THE annual Castrol Day of the Champions at the Zwartkops Raceway in Pretoria drew a large crowd of nostalgic bikers last week.
But as always the annual event, now in its fifth year, was not only about vaseline-lensed memories of those long-gone days when we most of the riders could still use vaseline.
MD of Honda Southern Africa, Yoshiaki Nakamura, showed he could still drag his knee with the best of them in what many agreed was “a masterly display of riding” at Zwartkops.

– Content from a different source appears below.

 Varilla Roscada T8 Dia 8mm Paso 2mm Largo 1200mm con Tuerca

Nakamura san was a GP rider for the Honda team in Japan during his racing career and he just screamed off in the last Legends of the TT race on his ex-factory Honda 250 cc two-stroke twin.

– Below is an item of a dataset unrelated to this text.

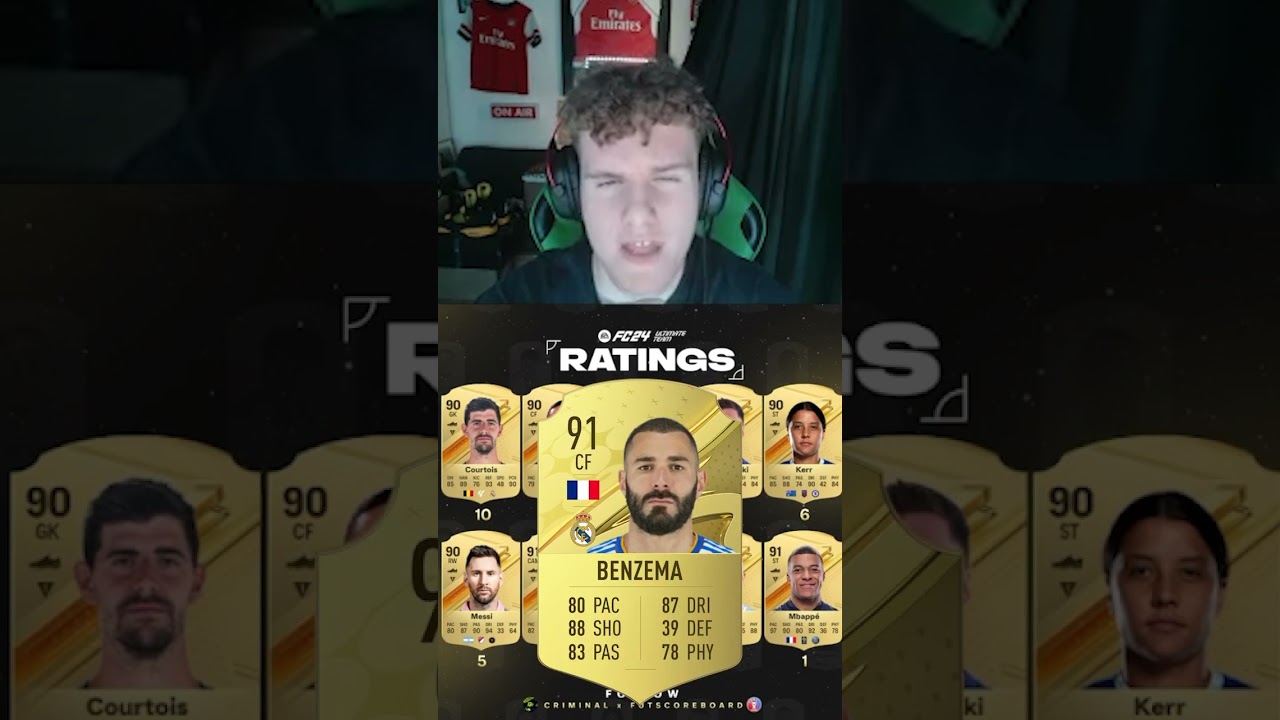Leaked Top 10 Ratings in EA FC 24!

Among the old bikes, the star of the day was Boksnot, the legendary 250 cc Velocette racing special, built by the late Jannie Stander in the early fifties and raced by him until the early sixties. The hand-made bike also raced at Zwartkops at it’s inaugural meeting in November 1961.
Stander won the 250 cc SA Championship in 1958 and the late Tommy Johns then also raced to several podiums on Boksnot, only retiring the little bike in 1965, when it could no longer keep up with the new Japanese two strokes coming out of the corners.
Stander turned, welded and bolted this fantastic little bike almost entirely by hand, from the crude aluminium fuel tank and under- slung oil tank to the rocker box cover.
Boksnot still bears the marks of hack saws, metal files and hand drills and hammers that went into making the components that made this bike as quick as it was.
Another attention grabber was a Honda ridden by seven-time world champion Jim Redman.
Refinishing expert and publisher Ian Groat fielded this and six other classic machines that he restored over the past decade.
“They are mainly British classics — a Norton, a Matchless and a AJS, an Italian Ducati and this howling 250 cc four-cylinder Honda ridden by Redman,” said Groat.